I carefully picked up the laptop. It seemed totally normal: no ticking, no foul odors. Then again, what was I looking for anyway? I had no experience with this sort of thing.

“Well, Mad? You think that's it?” Jenna peered over my shoulder. “We gotta get out of here before –”

A cacophony of squealing tires stopped her mid-sentence. We rushed to the window just as three police cruisers pulled up and six officers piled out.

“Oh, no. Now what?”

“I don't understand,” Melody said. “I thought they were with you?”

One man kicked open the building's front door, and they all filed inside. They'd be up here in a minute, and we were trapped.

“Lock that door,” I ordered Melody.

She did, but even I wondered what good it would do. Jenna paced in circles, nibbling on her nails.

“We're stuck,” she wailed. “They're gonna get the bomb, and God knows what they'll do to us.”

I was usually good at thinking on my feet. This time, I saw no way out. Their footsteps thundered on the steps, closer and closer.

“Maybe we can hide. You got an attic or anything?”

“Not that I know of.”

I clutched the laptop under my arm. Somehow, the battery panel fell off and a weird object dropped to the floor with it.

It was a white cube of something resembling putty. Wires wrapped around that and connected directly to the laptop's innards.
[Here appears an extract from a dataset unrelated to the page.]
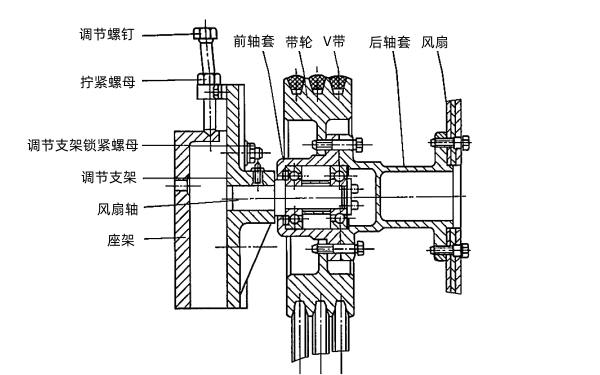 柴油發電機V帶張力調整裝置.png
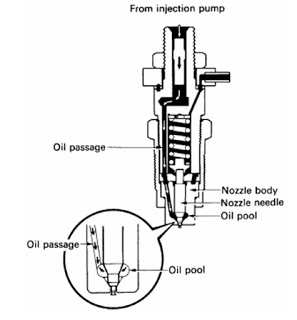 Fungsi dan Cara Kerja Nozzle Pada Mesin Diesel 4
I had no idea what I was looking at, but it wasn't normal, for sure.

“That's got to be it,” Jenna howled. “The bomb!”

Someone pounded on the door so loudly, all three of us jumped.

“This is the police. Open this door immediately or we will use force if you don't comply.”

“Find a way to hold them off,” I whispered to Melody.

She was confused, but nodded. “Uh... Just a minute, officer. I've only just gotten out of the shower.”